Prior to the late 1960s, only a few states had adopted the system. When comparative negligence was adopted, three main versions were used. The first was called "pure" comparative negligence. A plaintiff who was 90% to blame for an accident could recover 10% of his losses. (Of course, defendants who suffered injuries in such a case could counter claim and recover 90% of losses from the other party.)
The second and third versions are lumped together in what is called "modified" comparative negligence. One variant allows plaintiffs to recover "only" if the plaintiff's negligence is "not greater than" the defendant's (the plaintiff's negligence must not be more than 50% of the combined negligence of both parties).
The other variant allows plaintiffs to recover "only if" the plaintiff's negligence is "not as great as" the defendant's (the plaintiff's negligence must be less than 50% of the combined negligence). The apparently minor difference between the two modified forms of comparative negligence is thought by lawyers handling such cases to be significant, as juries who ordinarily assign degrees of fault are much less willing to award damages to a plaintiff who is equally at fault than to one who is less at fault than the defendant.
Contributory negligence doctrine
Some states, though, still use the contributory negligence doctrine to evaluate negligence in a tort.
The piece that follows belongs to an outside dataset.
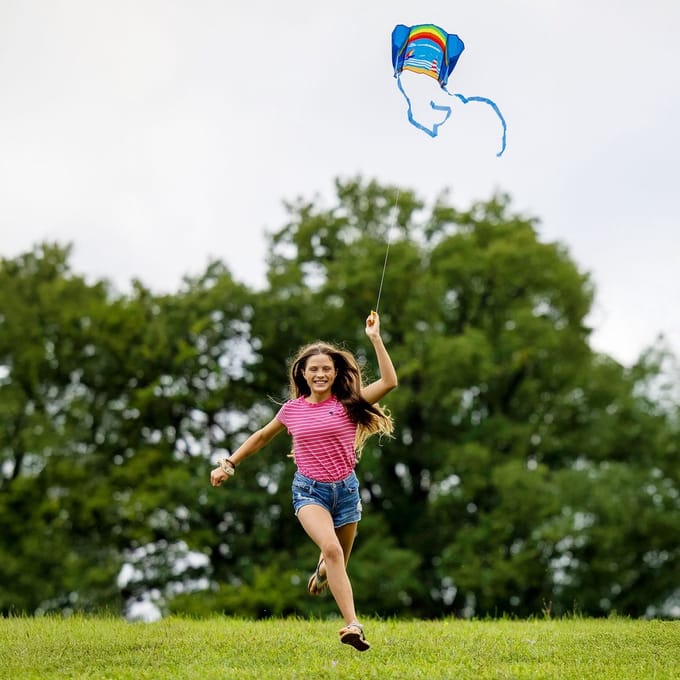 Schildkröt vlieger Pocket Kite L voor kinderen - ripstop polyester.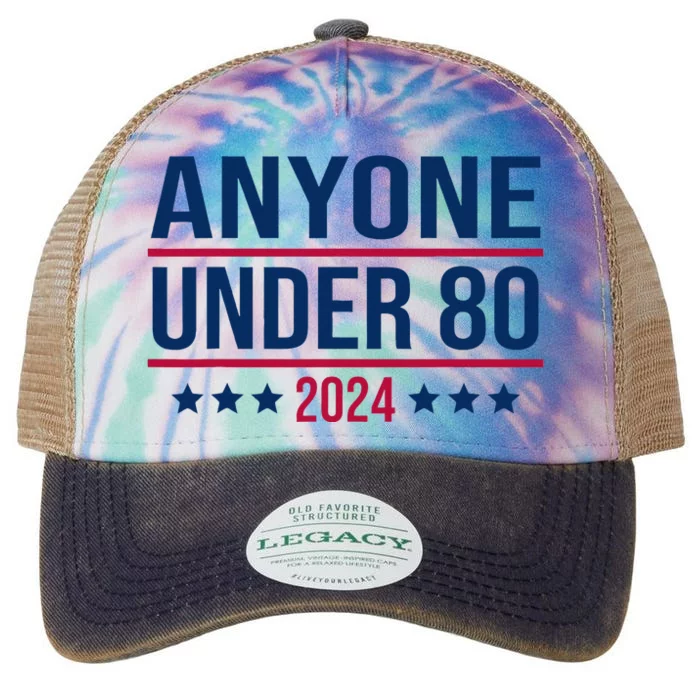 Anyone Under 80 2024 President Election Vote Legacy Tie Dye Trucker Hat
For instance, Alabama, Maryland, North Carolina, and Virginia continue to use contributory negligence.
Neither comparative negligence nor contributory negligence should be confused with joint and several liability, which generally holds each of two or more culpable defendants responsible for all the damages sustained by a plaintiff. For practical reasons, a plaintiff who faces the defense of comparative negligence may wish to join all potentially culpable defendants in his action since the plaintiff's negligence will be balanced against the combined negligence of all defendants in apportioning damages even if the plaintiff may not be able actually to get compensation from some of them: for example, if an insolvent individual and a major corporation were both negligent in causing plaintiff's harm.